The menu is short and to be honest not too inspiring (‘Beef tomato and sunblush tomato bruschetta?’ Wait a minute, we wanted to skip the Italian this time!).

Deleting all the uninviting ones, we were left with the crab cakes and the beef satay.

The presentation of the crabcakes, as for all the other dishes, leaves much to be desired…The undressed salads, with the sad looking thin cucumber slices, reminded us of the olden days of British cuisine . However Man thought the taste was fine: the cakes were moist and soft, though the chilly sauce was somewhat overpowering. Woman’s view was that there must have been prawns mixed in, whose taste was covering the crab’s.

We agreed that the beef was good and tender. The peanut sauce was fine, but the dish was again too far on the hot side.

For mains we had the plaice and the lamb.

The plaice: better not to look at it (let us just say it evoked weird associations!), but the quality of the basic ingredients was good; the plaice’s texture suggested it was fresh. Again the crab stuffing had a somewhat uncrablike flavour: surprising to say the least, but the dish came off rather nicely anyway, with the lemon butter providing an adequate contrast to the main flavour. Indeed, the best dish according to Man.

The lamb shank was instead Woman’s favourite: very tender meat, but the red wine reduction had not been prepared with the due time and care (too much starch added). Still, it added a welcome acidity to the lamb and the root vegs, not to mention the supersize-me portion of mash.

Finally, desserts, which were both off menu. The passion fruit bavaroise was sitting on a thin bed of sponge and had a nice consistency, firm but “spongy” and a satisfying tangy taste to complement the cream. For once there was even some attempt at presentation!

The same can’t be said for the horribly looking apple and Christmas pudding pancakes with calvados sauce. This may sound as an overly combined dish, in fact it worked surprisingly well, once more defying low expectations (could this be their strategy?).

We had four 175ml glasses of wine, to have a go at the local production (the only thing you’ll find on the list). Incredibly for a restaurant on the vineyard, it was not properly served. Come on guys, the glasses are way overfilled, how can one swirl the wine around before tasting it?
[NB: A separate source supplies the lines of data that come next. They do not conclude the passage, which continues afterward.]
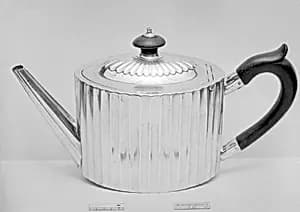 Teapot by William Plummer
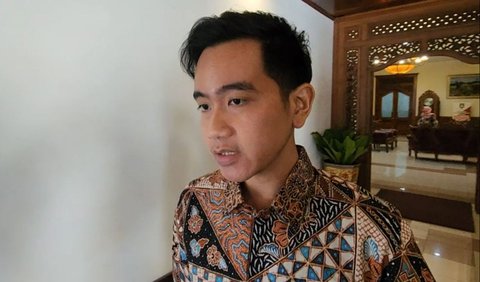 Menurut Wali Kota Solo, Tim Hukum 02 Prabowo Gibran akan menjalani proses persidangan sesuai ketentuan yang berlaku di MK.<br>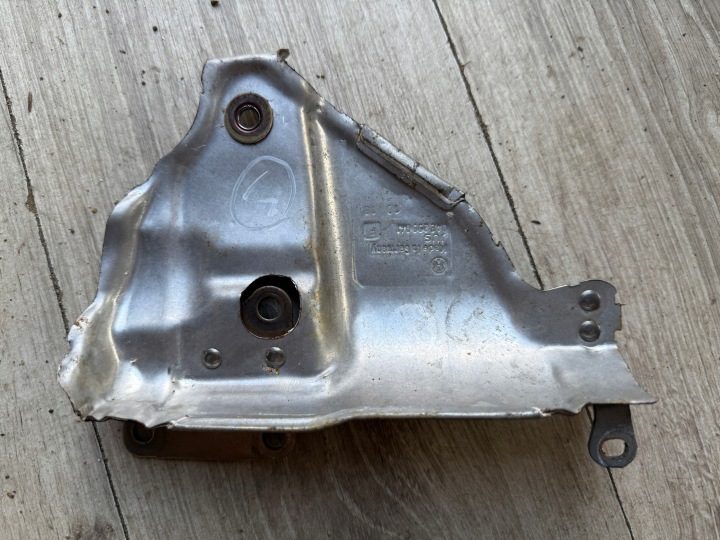 Теплозащитный экран VW Seat Skoda Audi 1.4 eTSI DGE '22 04E253041AD, фото 2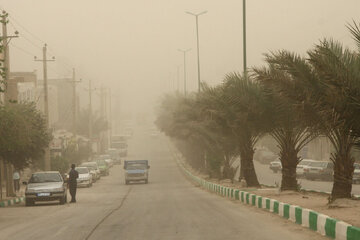 غلظت گرد و غبار در مهران پنج برابر حد مجاز است 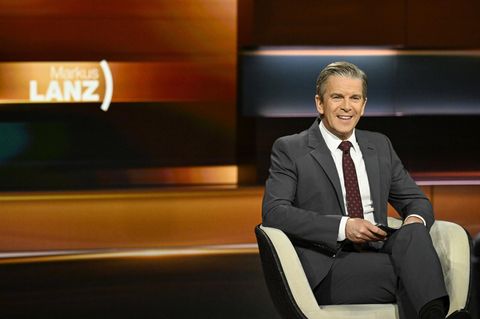 Markus Lanz sitzt in Anzug gekleidet auf einem Sessel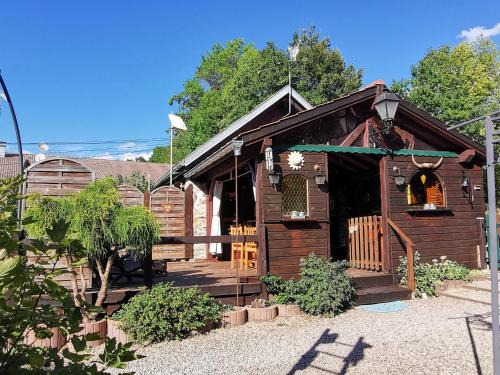 Chalet Nina: Havre de paix en bord de rivière avec climatisation - FR-1-589-794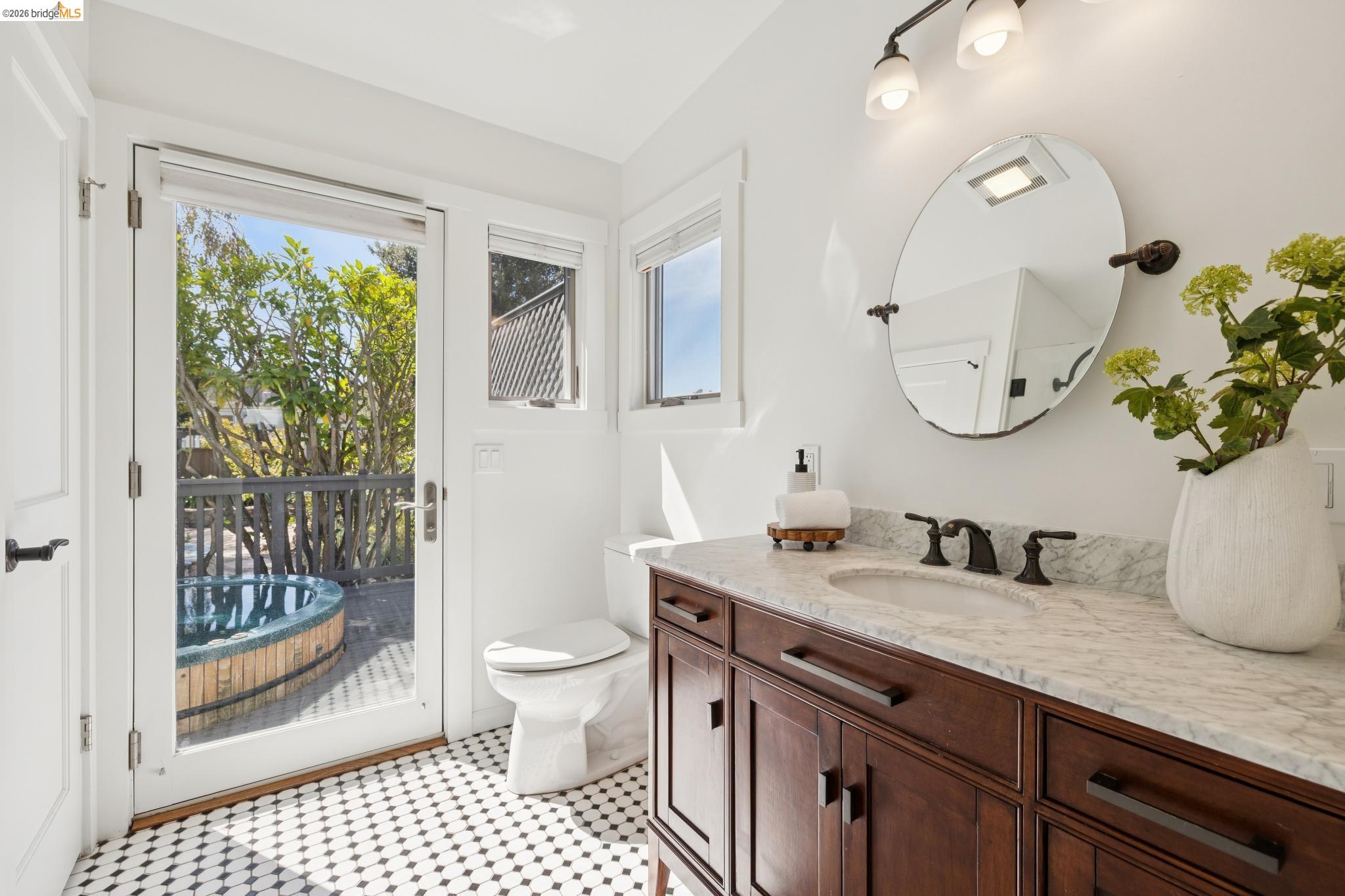 915 63Rd St, Oakland CA 94608 — photo 17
We tried Yew Tree Pinot noir 2003, Redland Pinot Noir 2004, Ortega 2004 and Bacchus 2004. Man found the perfume of the Bacchus quite impressive, too strongly lemony for Woman. The Ortega had nice melony notes. We might have been prepared to buy a couple of bottles of Yew Tree, which was velvety in the mouth, balanced and nicely sapid, had it not been for the fact that at £14 in the shop many more alluring choices spring to mind other than Denbies wine…However there is very little mark-up in the restaurant (£18 for the same bottle), thus making it overall a good deal.

Our final bill came to £68, including a large bottle of water. Service was not included (don’t worry, we left a tip). All in all, this is simple but honest fare, very plainly presented in generous portions. It would fit a smoky gastro-pub better than a restaurant (though, as we shall tell you in a future entry, there is better value for money in London for this category of food). The two young waitresses were charming, but the whole operation lacks a ‘heavier’ front room manager, who might for example advice on the wines, put up some show (they have a unique selling point after all), and so on.

Since one can have a nice stroll around the extensive vines, we might come back on the next flight cancellation for more wines by the glass and a bite in the self-service conservatory restaurant downstairs: there is really no need to go upstairs.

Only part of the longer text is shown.